There may be new instructions that your compiler cannot yet generate, or the compiler does a bad job, or you may need to control the CPU directly.

James 2010-09-04 19:22:55

I wouldn't say you're "directly controlling" the CPU when using assembly code.

zneak 2010-09-04 19:30:46

What about doing something like modifying the EFLAGS register on x86 CPUs?

James 2010-09-04 19:36:13

+1 A:

Why is assembly language code often needed along with C/C++ ?needed along with C/C++ ?

It isn't

What can't be done in C/C++, which is possible when assembly language code is mixed?

Accessing system registers or IO ports on the CPU. Accessing BIOS functions. Using specialized instructions that doesn't map directly to the programming language, e.g. SIMD instructions. Provide optimized code that's better than the compiler produces.

The two first points you usually don't need unless you're writing an operating system, or code running without an operatiing system.

Modern CPUs are quite complex, and you'll be hard pressed to find people that actually can write assembly than what the compiler produces. Many compilers come with libraries giving you access to more advanced features, like SIMD instructions, so nowadays you often don't need to fall back to assembly for that.

nos 2010-09-04 19:27:41

+12 A:

Things that pop to mind, in no particular order:

Special instructions. In an embedded application, I need to invalidate the cache after a DMA transfer has filled the memory buffer. The only way to do that on an SH-4 CPU is to execute a special instruction, so inline assembly (or a free-standing assembly function) is the only way to go.
Optimizations. Once upon a time, it was common for compilers to not know every trick that was possible to do. In some of those cases, it was worth the effort to replace an inner loop with a hand-crafted version. On the kinds of CPUs you find in small embedded systems (think 8051, PIC, and so forth) it can be valuable to push inner loops into assembly. I will emphasize that for modern processors with pipelines, multi-issue execution, extensive caching and more, it is often exceptionally difficult for hand coding to even approach the capabilities of the optimizer.
Interrupt handling. In an embedded application it is often needed to catch system events such as interrupts and exceptions. It is often the case that the first few instructions executed by an interrupt have special responsibilities and the only way to guarantee that the right things happen is to write the outer layer of a handler in assembly. For example, on a ColdFire (or any descendant of the 68000) only the very first instruction is guaranteed to execute. To prevent nested interrupts, that instruction must modify the interrupt priority level to mask out the priority of the current interrupt.
Certain portions of an OS kernel. For example, task switching requires that the execution state (at least most registers including PC and stack pointer) be saved for the current task and the state loaded for the new task. Fiddling with execution state of the CPU is well outside of the feature set of the language, but can be wrapped in a small amount of assembly code in a way that allows the rest of the kernel to be written in C or C++.

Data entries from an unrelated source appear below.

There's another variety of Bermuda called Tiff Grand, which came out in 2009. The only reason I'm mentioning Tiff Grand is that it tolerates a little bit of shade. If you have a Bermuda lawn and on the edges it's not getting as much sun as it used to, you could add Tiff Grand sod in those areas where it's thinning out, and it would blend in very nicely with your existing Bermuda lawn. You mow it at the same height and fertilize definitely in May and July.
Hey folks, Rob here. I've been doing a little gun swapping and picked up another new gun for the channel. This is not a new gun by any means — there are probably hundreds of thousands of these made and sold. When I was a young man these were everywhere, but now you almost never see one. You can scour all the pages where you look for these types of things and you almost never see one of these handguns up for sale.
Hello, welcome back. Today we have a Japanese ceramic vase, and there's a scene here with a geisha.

Edit: I've touched up the wording about optimization. Let me emphasize that for targets with large user populations and well supported compilers with decent optimization, it is highly unlikely that an assembly coder can beat the performance of the optimizer.

Before attempting, start by careful profiling to determine where the bottlenecks really lie. With that information in hand, examine assumptions and algorithms carefully, because the best optimization of all is usually to find a better way to handle the larger picture. Then, if all else fails, isolate the bottleneck in a test case, benchmark it carefully, and begin tweaking in assembly.

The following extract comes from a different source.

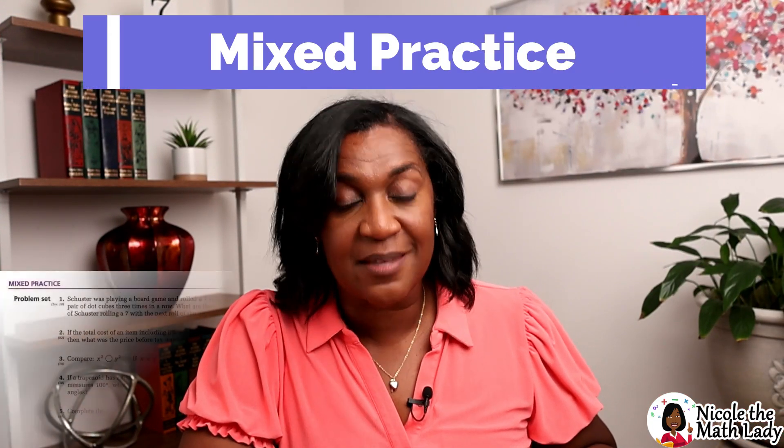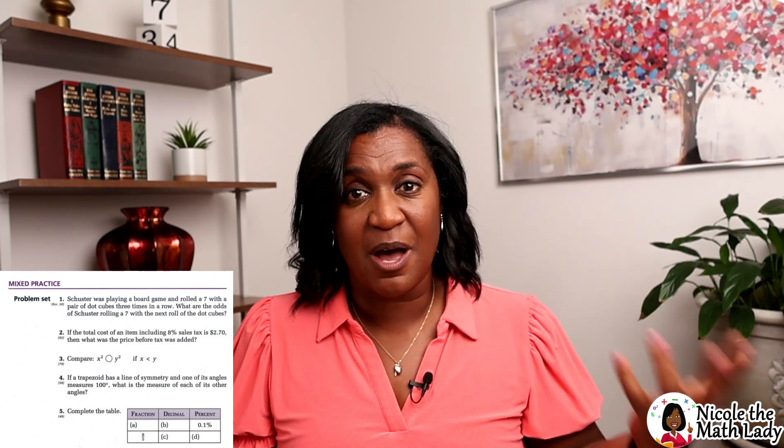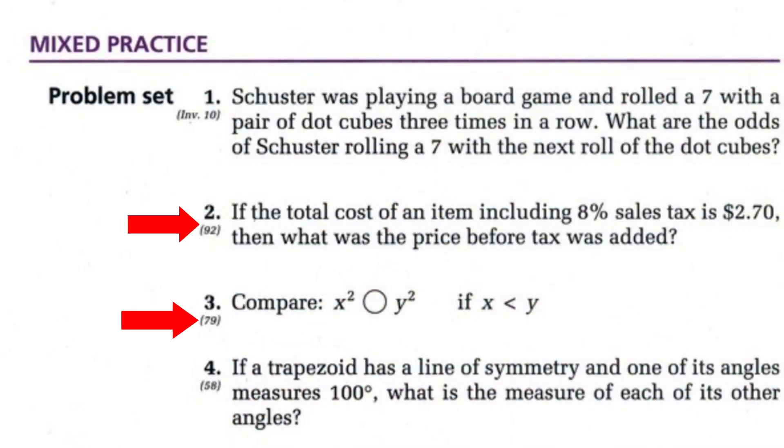The final part of the lesson is called the mixed practice — this is what Saxon Math is known for. There are 30 practice problems in a spiral review format. Spiral review means some of the problems will be from today's lesson, some from yesterday's lesson, some from last week's lesson — constantly spiraling back to prior topics to keep them fresh in the student's mind. Each problem has a number in parentheses underneath, which tells you which lesson that practice problem came from. So if your student can't do a problem, you can turn back to that lesson, reread it, or watch my video to see how it's done again.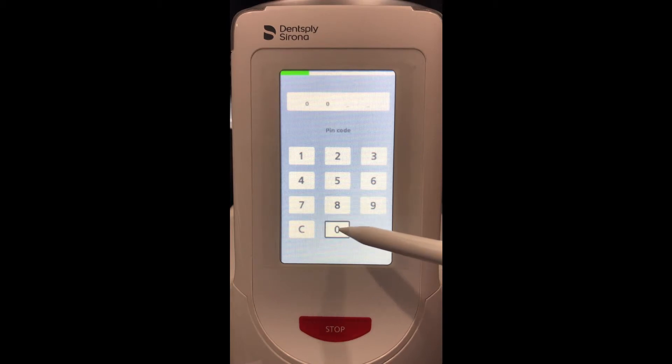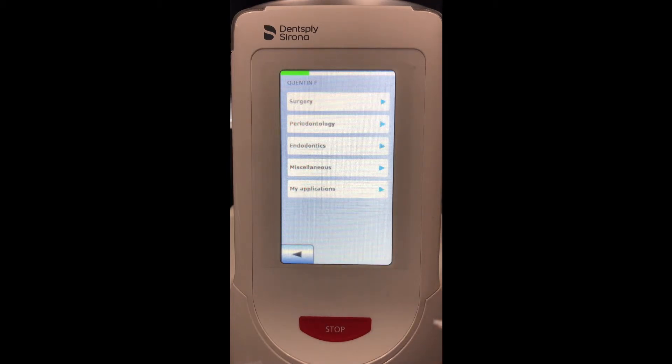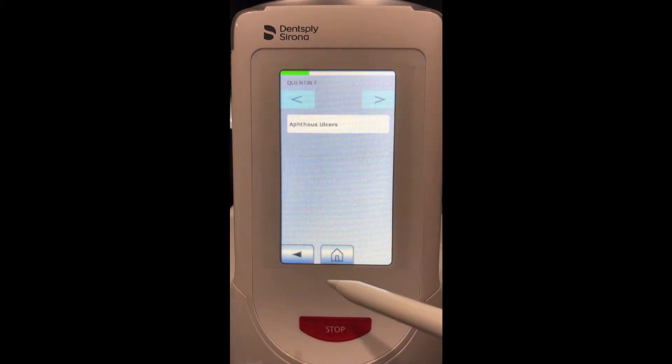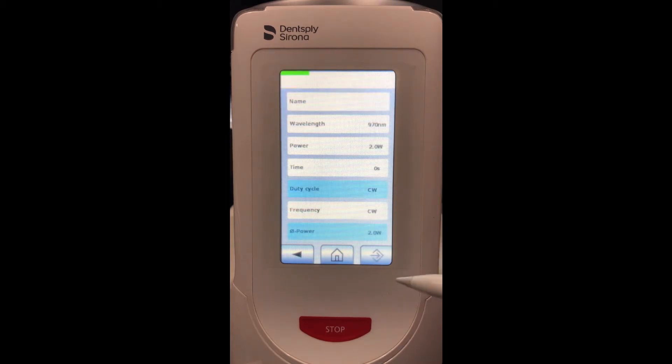Back on the home screen you will see six procedures — these are my six favorites added to the home screen. If I click the tooth in the middle, this will take me to a list of procedures that were pre-programmed into the laser: surgery has soft tissue surgery, endo for pulpotomy or a root canal, miscellaneous for abscess and ulcers, low-level light therapy, and then my applications where I can create custom procedures.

RBerteig 2010-09-04 19:27:50

Point 2 is dangerous. Modern optimizing compilers will know and implement all appropriate optimizations for a platform. For a new platform it may not be there yet but given user requests it will soon catch up and supersede any human optimizations. Therefore if you do this; (using #if and #error) limit your assembly to particular version(s) of the compiler so that when you re-compile with a new compiler you are forced to re-evaluate whether your assembly is better than the current version of the compiler.

Martin York 2010-09-05 18:37:57

@Martin, the majority of cases where I've personally done this were years ago, well before "modern optimizers", or for target platforms without the motivation behind GCC targeting desktops. One has to remember that in the embedded systems world, there is a world market of very nearly zero users for any cross compiler per thousand desktop target users. That said, you make a valid point, and I'll edit in a suggestion to profile first and benchmark after.

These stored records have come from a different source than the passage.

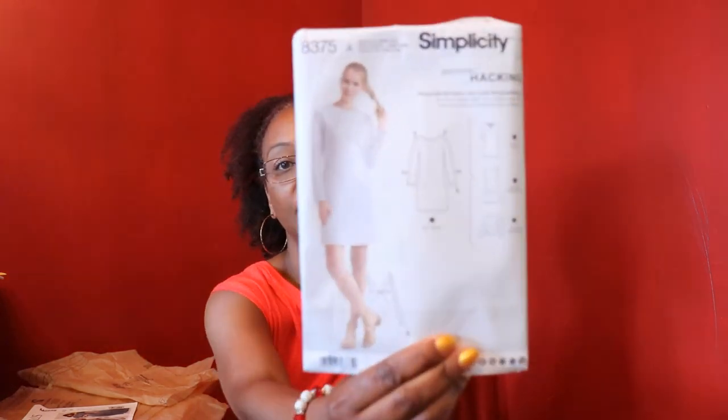Hi YouTube, I'm Crystal of Crystal Sews and Stuff here on YouTube as well as on Instagram. Today I wanted to share with you my two latest makes for July — actually they're my last two for the month. They're both dresses, and the first one I wanted to share with you is Simplicity 8375.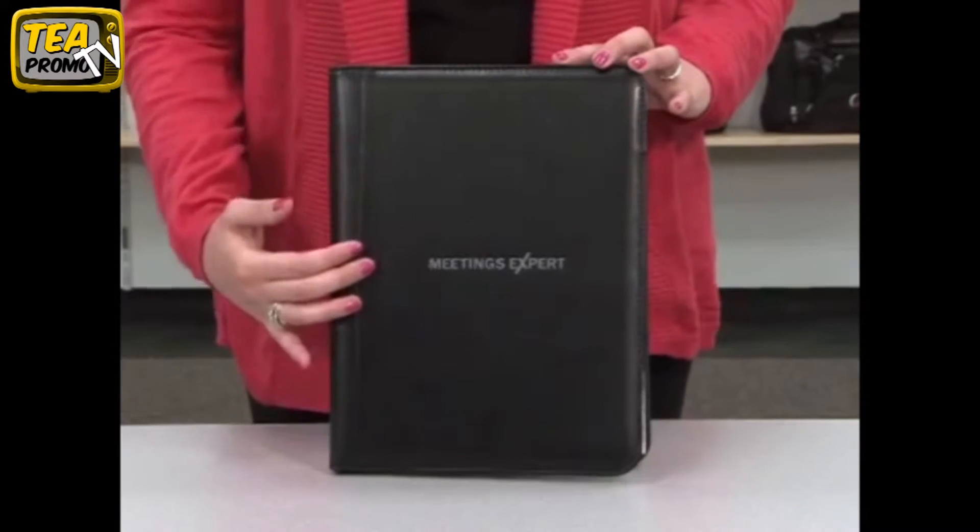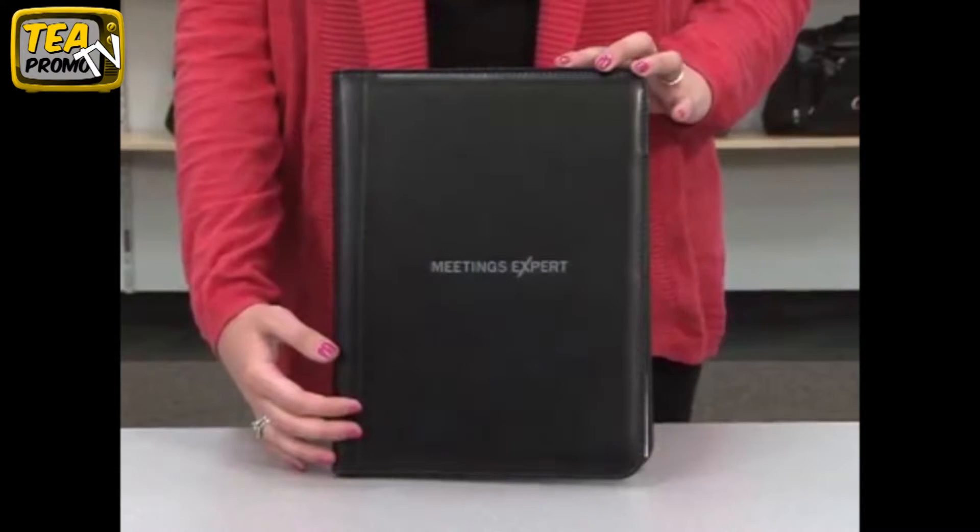Hi, I'm Allison with the Gemline sales team here to introduce you to the Writer's Pad. The front panel features a large decoration area perfect for screen printing.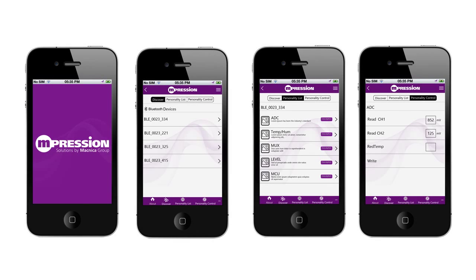Our website lets you create a smartphone app to control your custom Bluetooth device in minutes without writing a single line of code.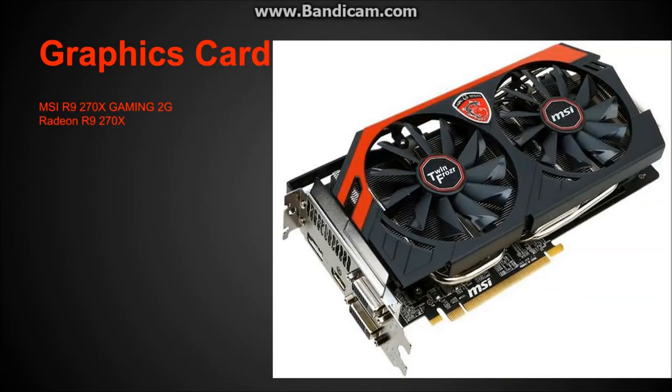The graphics card is an MSI R9 270X Gaming 2GB Radeon R9 270X model. It's a very solid graphics card — around $170 to $180. It can run games like Battlefield 4 at 70 to 80 FPS in the campaign. It's an amazing card; I'd recommend it 10 out of 10.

RBerteig 2010-09-05 21:30:55

Well, even modern compilers are extremely limited to what optimisations they're allowed to do. That goes from the fact, that they have to always generate working code and are thus very conservative about optimising code. Also, code analysis is still more or less a computationally impossible problem, which also severly limits the compilers optimization abilities as opposed to a programmers ASM code. Most performance-critical code still heavily relies on ASM code because of those facts.

Mavrik 2010-09-08 06:39:45

+3 A:

There are certain things that can only be done in assembler and cannot be done in C/C++.

These include:

generating software interrupts (SWI or INT instructions)
Use of instructions like SWP for creating mutexes
specialist coporcessor instructions (such as those needed to program the MMU and manage RAM caches)
Access to carry and overflow flags.

You may also be able to optimize code better in assembler than C/C++ (eg memcpy on Android is written in assembler)

doron 2010-09-04 19:30:32

+2 A:

Why is assembly language code often needed along with C/C++ ?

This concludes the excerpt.